Question 6.1: Using the Transfer Function to Determine the Output , The tr...
Using the Transfer Function to Determine the Output
The transfer function H(f) of a filter is shown in Figure 6.4. [Notice that the magnitude | H(f)| and phase ∠H(f) are shown separately in the figure.] If the input signal is given by
v_{in}(t)=2\cos(2000 \pi t+40^\circ)
find an expression (as a function of time) for the output of the filter.

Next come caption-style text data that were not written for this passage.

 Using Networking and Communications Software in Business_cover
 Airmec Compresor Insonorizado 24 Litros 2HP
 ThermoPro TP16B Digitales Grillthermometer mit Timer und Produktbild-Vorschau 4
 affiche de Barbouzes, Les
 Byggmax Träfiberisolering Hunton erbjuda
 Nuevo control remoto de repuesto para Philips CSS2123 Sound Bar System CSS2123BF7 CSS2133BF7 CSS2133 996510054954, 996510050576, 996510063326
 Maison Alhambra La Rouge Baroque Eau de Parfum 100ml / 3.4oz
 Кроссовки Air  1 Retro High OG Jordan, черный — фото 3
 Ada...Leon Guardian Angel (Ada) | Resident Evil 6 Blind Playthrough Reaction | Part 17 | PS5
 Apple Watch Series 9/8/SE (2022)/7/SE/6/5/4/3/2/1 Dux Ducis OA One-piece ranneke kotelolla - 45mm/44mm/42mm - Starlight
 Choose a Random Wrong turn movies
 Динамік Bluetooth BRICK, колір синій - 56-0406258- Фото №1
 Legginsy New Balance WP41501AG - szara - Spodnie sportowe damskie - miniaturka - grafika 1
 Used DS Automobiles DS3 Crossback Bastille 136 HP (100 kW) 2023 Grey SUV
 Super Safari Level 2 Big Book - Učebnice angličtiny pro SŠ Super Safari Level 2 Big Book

By inspection, the frequency of the input signal is f = 1000 Hz. Referring to Figure 6.4, we see that the magnitude and phase of the transfer function are |H(1000)|=3 \text{ and }\underline{/H(1000)}=30^\circ, respectively. Thus, we have
H(1000)=3 \underline{/30^\circ}=\frac{\pmb{\text{V}}_{\text{out}}}{\pmb{\text{V}}_{\text{in}}}
The phasor for the input signal is \pmb{\text{V}}_{\text{in}}=2 \underline{/40^\circ}, and we get
\pmb{\text{V}}_{\text{out}}=H(1000) \times \pmb{\text{V}}_{\text{in}}= 3 \underline{/30^\circ} \times 2 \underline{/40^\circ}=6 \underline{/70^\circ}
Thus, the output signal is
v_{\text{out}}(t)=6\cos(2000 \pi t+70^\circ)
In this case, the amplitude of the input is tripled by the filter. Furthermore, the signal is phase shifted by 30°. Of course, this is evident from the values shown in the plots of the transfer function at ƒ = 1000.